L’idée de l’application est de regarder les graphes des informations remontées c’est à dire le nombre de personnes ou le taux de personnes proches par exemple et observer la distribution spatiale et temporelle des différentes alertes. Cela permettrait d’identifier les périodes de la journée où on observe le plus d’alertes mais aussi les zones spatiales où il y a le moins de distanciation.
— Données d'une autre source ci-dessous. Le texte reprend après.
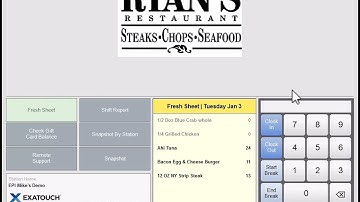 Exatouch POS: Set Up a Required Modifier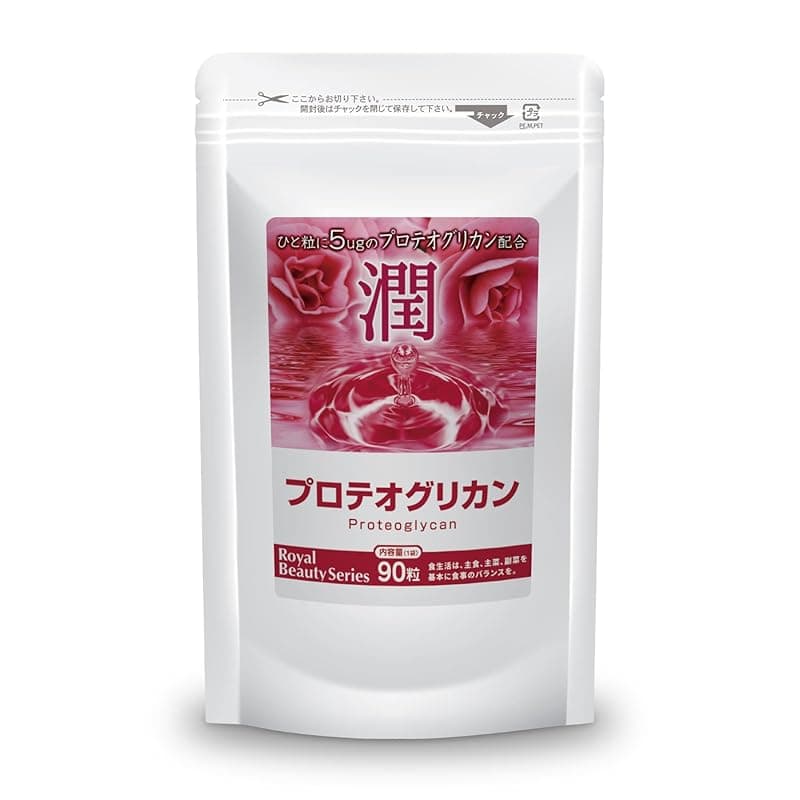 프로테오글리칸 90알 콜라겐 히알루론산 세라마이드 플라센타 보충제 대용량 덕용 건강 미용 RoyalBS 일제  1개  90정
Ainsi, cette analyse conduirait à réaménager les locaux de l’entreprise et adapter les heures de travail des différents collaborateurs.

Conclusion

En conclusion, nous avons opté pour la méthode classique concernant la calibration qui est le calcul de la matrice homographique à partir de points de références sur l’image source et l’image destination. Cette méthode a l’avantage d’être rapide et interprétable. Néanmoins, la qualité et la précision de nos résultats dépendent énormément du choix de ces points qui se fait manuellement.

Une approche différente pourrait consister en l’utilisation de plusieurs ensembles de points de références (trois ensembles de quatre points par exemple) et de procéder de manière itérative par optimisation d’une fonction d'évaluation pour obtenir une matrice homographique plus robuste, ou encore utiliser des CNN comme mentionné plus haut.
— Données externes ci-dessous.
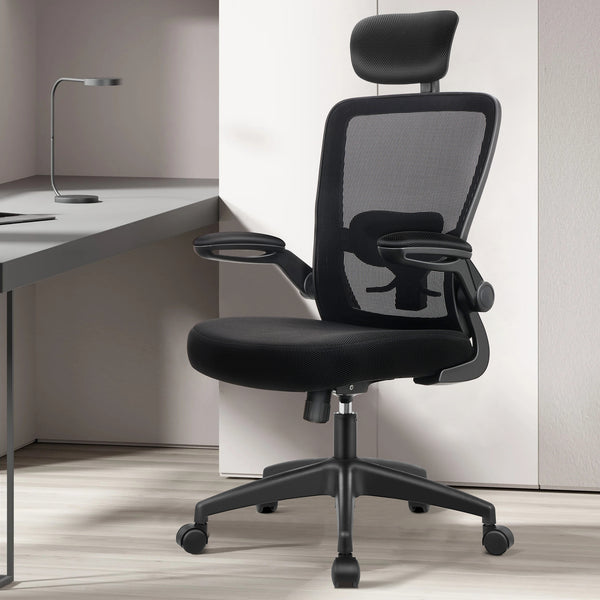 COOLHUT Dual-Lumbar Neck-Support Ergonomic Office Chair 918H-C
Quant à la détection des bounding box, le modèle des Mask-RCNN s’est montré être assez performant. Effectivement, près de 65% en moyenne des personnes sont détectées sur le flux vidéo utilisée. Il faut, cependant, préciser qu’il atteint cette performance à condition que la taille de l’image analysée ne soit pas trop petite. En effet, dès que la taille de la frame du flux vidéo est assez petite, le modèle a du mal à détecter les différentes personnes.

Une idée d’amélioration du modèle serait, éventuellement, de lui ajouter un algorithme de tracking des différentes personnes détectées par le Mask-RCNN, permettant ainsi de remonter davantage d’informations comme le laps de temps où deux mêmes personnes restent proches.

Nous espérons que ce travail pourra être utile et aider les entreprises à faire face à ces nouvelles contraintes imposées par les conditions actuelles.